In addition, Apache provides many different ways for you to
<a href="../env.html">add your own environment variables</a>
to the basic ones provided by default.</p>
<highlight language="perl">
#!/usr/bin/perl
use strict;
use warnings;
print "Content-type: text/html\n\n";
foreach my $key (keys %ENV) {
print "$key --&gt; $ENV{$key}&lt;br&gt;";
}
</highlight>
</section>
<section id="stdin">
<title>STDIN and STDOUT</title>
<p>Other communication between the server and the client
happens over standard input (<code>STDIN</code>) and standard
output (<code>STDOUT</code>). In normal everyday context,
<code>STDIN</code> means the keyboard, or a file that a
program is given to act on, and <code>STDOUT</code>
usually means the console or screen.</p>
<p>When you <code>POST</code> a web form to a CGI program,
the data in that form is bundled up into a special format
and gets delivered to your CGI program over <code>STDIN</code>.
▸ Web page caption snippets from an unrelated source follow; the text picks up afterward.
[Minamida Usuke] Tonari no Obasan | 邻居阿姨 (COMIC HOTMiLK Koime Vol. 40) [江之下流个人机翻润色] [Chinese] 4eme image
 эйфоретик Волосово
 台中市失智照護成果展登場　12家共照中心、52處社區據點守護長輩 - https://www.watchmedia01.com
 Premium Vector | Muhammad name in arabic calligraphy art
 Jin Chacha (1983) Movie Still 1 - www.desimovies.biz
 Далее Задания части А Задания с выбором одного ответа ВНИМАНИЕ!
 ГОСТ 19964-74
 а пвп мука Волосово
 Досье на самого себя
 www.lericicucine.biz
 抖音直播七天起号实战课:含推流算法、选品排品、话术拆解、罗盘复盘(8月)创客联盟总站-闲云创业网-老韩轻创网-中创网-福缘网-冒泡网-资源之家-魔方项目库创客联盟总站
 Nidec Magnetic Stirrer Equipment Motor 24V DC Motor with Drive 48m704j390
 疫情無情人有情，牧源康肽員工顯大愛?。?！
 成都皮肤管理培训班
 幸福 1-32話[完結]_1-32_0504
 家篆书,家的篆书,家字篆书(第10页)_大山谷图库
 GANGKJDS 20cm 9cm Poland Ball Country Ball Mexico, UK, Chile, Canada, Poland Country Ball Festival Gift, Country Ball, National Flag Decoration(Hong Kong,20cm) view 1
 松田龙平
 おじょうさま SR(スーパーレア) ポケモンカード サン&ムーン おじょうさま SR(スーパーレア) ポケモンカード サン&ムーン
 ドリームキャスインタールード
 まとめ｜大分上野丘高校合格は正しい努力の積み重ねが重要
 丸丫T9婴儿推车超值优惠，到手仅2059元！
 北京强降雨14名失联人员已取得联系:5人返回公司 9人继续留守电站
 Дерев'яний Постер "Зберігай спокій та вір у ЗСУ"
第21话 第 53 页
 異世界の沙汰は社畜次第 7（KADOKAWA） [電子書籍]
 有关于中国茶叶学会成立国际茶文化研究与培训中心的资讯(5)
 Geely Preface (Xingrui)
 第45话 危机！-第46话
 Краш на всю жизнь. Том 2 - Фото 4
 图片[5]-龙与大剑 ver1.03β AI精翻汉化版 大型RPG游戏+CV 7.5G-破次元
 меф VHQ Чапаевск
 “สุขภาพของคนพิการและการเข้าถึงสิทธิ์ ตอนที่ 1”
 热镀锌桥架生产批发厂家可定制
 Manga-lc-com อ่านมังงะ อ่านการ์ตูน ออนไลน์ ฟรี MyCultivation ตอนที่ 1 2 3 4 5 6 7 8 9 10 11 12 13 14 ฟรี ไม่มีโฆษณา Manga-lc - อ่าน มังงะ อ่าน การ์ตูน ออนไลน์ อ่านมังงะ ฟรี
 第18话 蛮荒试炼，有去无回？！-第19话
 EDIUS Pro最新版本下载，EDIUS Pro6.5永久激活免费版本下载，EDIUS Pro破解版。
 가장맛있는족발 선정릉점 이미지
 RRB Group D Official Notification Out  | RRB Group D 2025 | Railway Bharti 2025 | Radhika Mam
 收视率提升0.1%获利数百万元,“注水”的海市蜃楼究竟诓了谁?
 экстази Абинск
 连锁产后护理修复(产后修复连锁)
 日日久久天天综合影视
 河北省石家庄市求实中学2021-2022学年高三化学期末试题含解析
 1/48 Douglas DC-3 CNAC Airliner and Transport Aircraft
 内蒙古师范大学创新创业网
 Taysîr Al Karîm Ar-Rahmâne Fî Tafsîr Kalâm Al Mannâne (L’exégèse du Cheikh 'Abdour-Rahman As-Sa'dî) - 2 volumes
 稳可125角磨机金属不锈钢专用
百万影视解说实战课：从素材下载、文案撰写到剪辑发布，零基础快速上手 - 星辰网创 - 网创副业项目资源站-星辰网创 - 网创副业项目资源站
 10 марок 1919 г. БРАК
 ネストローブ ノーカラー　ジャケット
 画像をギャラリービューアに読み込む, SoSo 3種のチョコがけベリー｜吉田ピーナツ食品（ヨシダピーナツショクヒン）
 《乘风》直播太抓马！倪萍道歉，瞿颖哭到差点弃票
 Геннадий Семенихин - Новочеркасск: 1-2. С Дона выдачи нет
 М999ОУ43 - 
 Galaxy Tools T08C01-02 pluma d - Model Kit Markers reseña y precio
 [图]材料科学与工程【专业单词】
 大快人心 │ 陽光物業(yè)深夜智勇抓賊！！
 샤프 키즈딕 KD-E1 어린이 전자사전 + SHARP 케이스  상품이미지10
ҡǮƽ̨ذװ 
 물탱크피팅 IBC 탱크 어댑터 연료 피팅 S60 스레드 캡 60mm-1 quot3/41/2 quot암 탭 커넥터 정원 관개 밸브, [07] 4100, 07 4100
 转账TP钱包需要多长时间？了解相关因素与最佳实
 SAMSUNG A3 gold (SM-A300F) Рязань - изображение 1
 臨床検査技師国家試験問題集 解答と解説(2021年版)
The program then can process that data as though it was
coming in from the keyboard, or from a file</p>
<p>The "special format" is very simple. A field name and
its value are joined together with an equals (=) sign, and
pairs of values are joined together with an ampersand
(&amp;). Inconvenient characters like spaces, ampersands, and
equals signs, are converted into their hex equivalent so that
they don't gum up the works. The whole data string might look
something like:</p>
<example>
name=Rich%20Bowen&amp;city=Lexington&amp;state=KY&amp;sidekick=Squirrel%20Monkey
</example>
<p>You'll sometimes also see this type of string appended to
a URL. When that is done, the server puts that string
into the environment variable called
<code>QUERY_STRING</code>. That's called a <code>GET</code>
request. Your HTML form specifies whether a <code>GET</code>
or a <code>POST</code> is used to deliver the data, by setting the
<code>METHOD</code> attribute in the <code>FORM</code> tag.</p>
<p>Your program is then responsible for splitting that string
up into useful information. Fortunately, there are libraries
and modules available to help you process this data, as well
as handle other of the aspects of your CGI program.</p>
</section>
</section>
<section id="libraries">
<title>CGI modules/libraries</title>
<p>When you write CGI programs, you should consider using a
code library, or module, to do most of the grunt work for you.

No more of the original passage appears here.